The <number> would be defined as for voice-volume, and would be the 
sample volume.
If 'looped' is present then the sample loops if it is too short to 
cover the element being rendered, otherwise it is played only once.

6. voice-family


<age> has been redefined in SSML to take a pure integer value 
(essentially all of the string values were for reasons of political 
correctness: no one wanted to define a numeric equivalent for 'old'). 
You could choose to be consistent with this, though obviously its then 
not entirely clear how one specifies 'child'. I guess one uses the 
number '5' and hopes the speech synthesiser is smart enough to figure 
out what you want. If you do keep the textual values 'adult' was in the 
older drafts of SSML, I think.

Taking a look at the first example:

h1 { voice-family: announcer old male };

The definition of this property is quite clever, but confusing. When I 
first saw 'announcer' I thought it was a generic voice that you'd 
forgotten to define. Looking at the syntax closely, I see one must 
define an age in order to use a generic voice (eg, voice:family: child 
male), so I can conclude 'announcer' is intended as a specific voice 
name. This doesn't seem very intuitive.

I do like the way you set it up as voice-family working just like font 
family. A simple left to right priority list seems easier though 
(though I think you'd then need a separate property for the age):

voice-family: david, announcer, male;
voice-age: old;

The above seems more self explanatory.

I think you're going in the right direction with 'generic-family' but  
can get a lot more mileage out of it than just 'male' and 'female'. I 
would love to see 'robotic' (or artificial), 'natural', 'authoritative' 
etc.

This would work nicely with the simpler form of voice-family proposed 
above:

voice-family: Victoria, Agnes, female, natural; // fallback to more and 
more general voices

I like the idea of the <number> in this definition, because I think I 
know the problem you're trying to solve.
In any case, I don't think the domain of 'positive integers' is the 
best one.

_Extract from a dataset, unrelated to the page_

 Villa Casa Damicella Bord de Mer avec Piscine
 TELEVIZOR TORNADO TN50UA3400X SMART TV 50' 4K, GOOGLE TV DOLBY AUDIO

The definition says:

"Indicates a preferred variant of the other voice characteristics. 
(e.g. the second or next male voice). Possible values are positive 
integers."

This doesn't help me much. I can see I could use '2' or '3' to ask for 
the 3rd matching variant, but:

* how would I specify a relative values like 'next' as you imply I can? 
Use 1, 2? +1 ?

* this seems awfully brittle. Having the stylesheet know the order a 
synthesizer will try variants in seems unwise. Any configuration 
changes in the speech engine (or from one machine to another) and the 
stylesheet could mean something else entirely to what the author 
thought it did.

* you should say what happens if the variant is out of range. eg, if an 
engine has 2 old male voices, and I write voice-family: old male 3; 
does it wrap back around to the first>

I'm not sure how to specify variants better in the general case, there 
is one common case I'd like to see implemented, which is a facility to 
force a change in the voice variant. This would be useful in many cases 
when parsing markup as one can use voices to differentiate where nested 
content begins and ends

eg,

<ul>
	<li>One</li>
  	<li><ul>	<li>Foo</li>
			<li>Bar</li>
		</ul>
	</li>
	<li>three</li>
</ul>

ul { voice-family: young female };
ul ul { voice-family: change };

Here the value 'change' indicates the value should change from the 
inherited value. I'd say it should first look for the closest variant 
(young female 2 in the notation in the working draft), then, if there 
are no suitable matching voices, relax the constraints until it finds 
another voice. The point is best effort must be made to change the 
current voice. The only time the voice would remain the same would be 
if a synthesizer only has one voice installed for the language being 
spoken.

I'd also like to be able to write a selector which says the voice 
should change for however many nested levels of <ul> I might encounter, 
so I don't need to write anything like this:

ul {};
ul ul {};
ul ul ul {}; etc ...  but that's a suggestion for the Selectors module, 
I think.

7. voice-rate

Are percentages allowed in this element or not. The definition says 
"refer to inherited value" but <percentage> is not listed in the value 
section or the prose. Please remove or define <percentage>

The editor's note claims: "The values 'faster' and 'slower' were 
removed to be consistent with SSML." but in fact you did not remove 
them, they're still there.

Will you support relative numbers +5, -10 as per SSML or defer to just 
percentages?

8. voice-pitch

As for voice-rate with respect to <percentage>'s definition being 
missing, and the question of whether to support relative numbers or not.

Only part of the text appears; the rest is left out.